AMU Homeland Security Immigration Legislation

US Government Having Trouble Detecting Asylum Fraud as Claims Increase

By Sylvia Longmire
Contributor, In Homeland Security

For many Americans in their 40’s or older, the term “asylum” brings back memories of the Cold War and a time when defections by high-ranking individuals from communist countries were common. Communism still exists, and U.S. immigration law still allows judges to grant asylum to the persecuted. However, the process of requesting and being granted asylum has been made much more difficult since the fall of the Berlin Wall made the legal definition of government oppression and persecution more murky. Worse yet, the U.S. government is having trouble identifying asylum claims being made by individuals using this murkiness to their advantage.

On Dec. 2, the U.S. Government Accountability Office (GAO) released a 96-page study that concluded “neither U.S. Immigration and Citizenship Services [USCIS] nor the Executive Office for Immigration Review, the Justice Department agency that oversees immigration courts, conduct regular fraud risk assessments.” Part of the problem is that USCIS still uses a paper-based filing system that allows major fraud indicators to fall through the cracks that might otherwise be caught in an electronic database. Even more disturbing: The GAO review found that more than 4,500 people were awarded asylum in 2014 despite being associated with lawyers or document preparers arrested that same year in an immigration fraud investigation in New York, per a Yahoo News summary of the report.

Not that asylum fraud is a new problem, but it has become more problematic since the rise and expansion of transnational criminal organizations—especially those operating in Latin America. Making an asylum determination used to be easier for immigration judges, who have to determine if an individual is being persecuted or his life is being threatened in his home country on the basis of his race, religion, nationality, political beliefs, or membership in a particular social group. When dealing with Soviets, Cubans, North Koreans, and in most cases Chinese nationals, these determinations were relatively quick and simple.

However, the nature of global conflict has changed considerably since the end of the Cold War. There are still cases of clear government-sanctioned violence and persecution, as in the cases of Sudan and Somalia, to provide just two examples. However, asylum requests by Mexican nationals and individuals from the Central American countries of El Salvador, Guatemala, and Honduras have skyrocketed in the past few years, and in the case of Mexico are doubling and almost tripling each year. Gang and drug cartel-related violence have increased in the last decade just as dramatically in these countries, and their citizens are looking to the U.S. for solace.

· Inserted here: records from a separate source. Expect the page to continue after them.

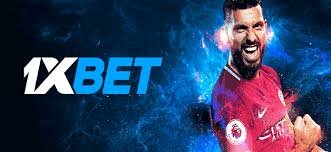 1xBet Vietnam The Ultimate Betting Experience 2112387502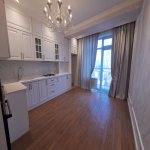 Продажа 3 комнатная Новостройка, м. Нариман Нариманов метро, Наримановский р-н район 4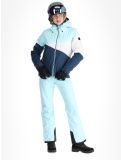 Miniatura Dare2b, Ice III giacca sci donna Water Ballet / Moonlight Denim blu 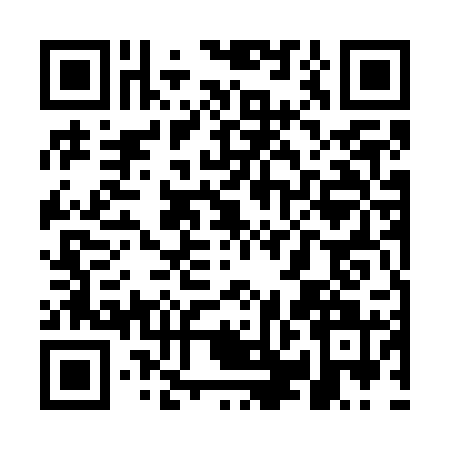 QR code for WPE7211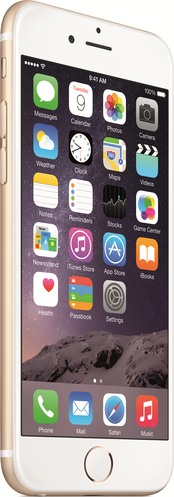 Apple iPhone 6 CDMA A1549 16GB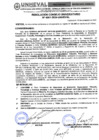 Vista preliminar de documento LISTADO DE EXP. CU 29NOV2024-34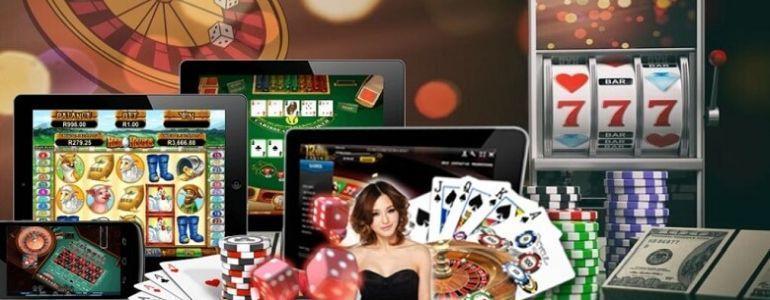 Découvrez le monde des paris avec Betwinner 15 Découvrez le monde des paris avec Betwinner 15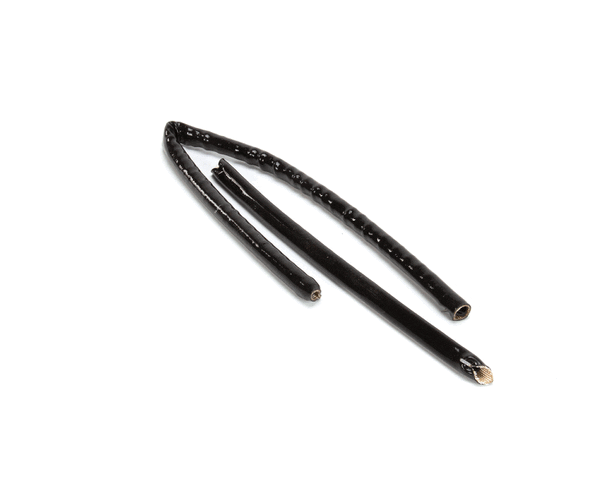 GARLAND PARTS 11C0292 - SKU GL11C0292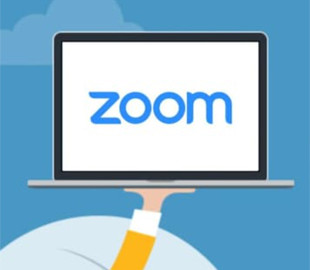 Zoom відновив доступ для сфери освіти у прифронтових регіонах - Федоров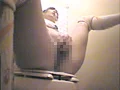 某実業団バレー部 ○撮自慰便所-9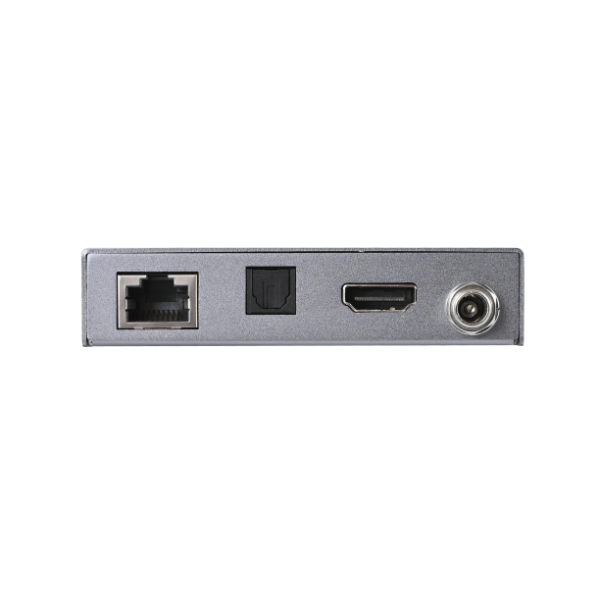 HDA XTNDAudio(100)eARC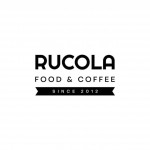 Rucola food&coffee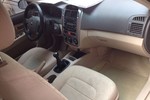 起亚赛拉图2007款1.6 GLS 手动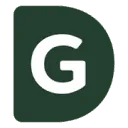 Logo van Digital Green B.V.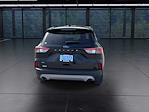 Used 2022 Ford Escape SE SUV for sale #F24474A - photo 7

However, where things get tricky in these cases is the nature of the persecution—as well as the nature of the relationship between the governments involved. Can and should asylum be granted if the government wasn’t necessarily directly involved in the persecution, but either looked the other way or was in collusion with the criminal groups doing the persecuting? And what if that corrupt government is one of our closest political and economic allies?

To make matters more complicated, this gray area leaves more leeway for fraudulent applications by individuals who claim they will be tortured by government entities in their home country, when in reality they just don’t want to get deported. There are many checkpoints, so to speak, where an asylum applicant’s claim is verified—with the first being at the U.S. port of entry where he is processed by U.S. Customs and Border Protection. If the officer makes a “credible fear” determination in the applicant’s favor, then the process of placing that applicant in front of an immigration judge begins. He may be able to obtain an attorney, but many asylum applicants either can’t afford one or don’t know how to obtain one. It may also take years for the applicant to see the inside of a courtroom, as there is currently a backlog of roughly 300,000 cases that need to be reviewed by only 276 U.S. immigration judges.

Throughout this process, applicants involved in fraudulent cases can be weeded out, but the GAO report indicated USCIS Fraud Detection and National Security (FDNS) Directorate officers they spoke with at all eight asylum offices told the GAO they have limited guidance with respect to fraud. The FDNS has also “not established clear fraud detection responsibilities for its immigration officers in asylum offices.” The GAO ultimately recommended that the Department of Homeland Security (DHS) and the Department of Justice conduct regular fraud risk assessments and that DHS, among other things, implement tools for detecting fraud patterns.

Given the annual increase of asylum applications and their complexity based on ever changing geopolitics, making these changes quickly benefits both the U.S. government and asylum applicants with truly valid claims.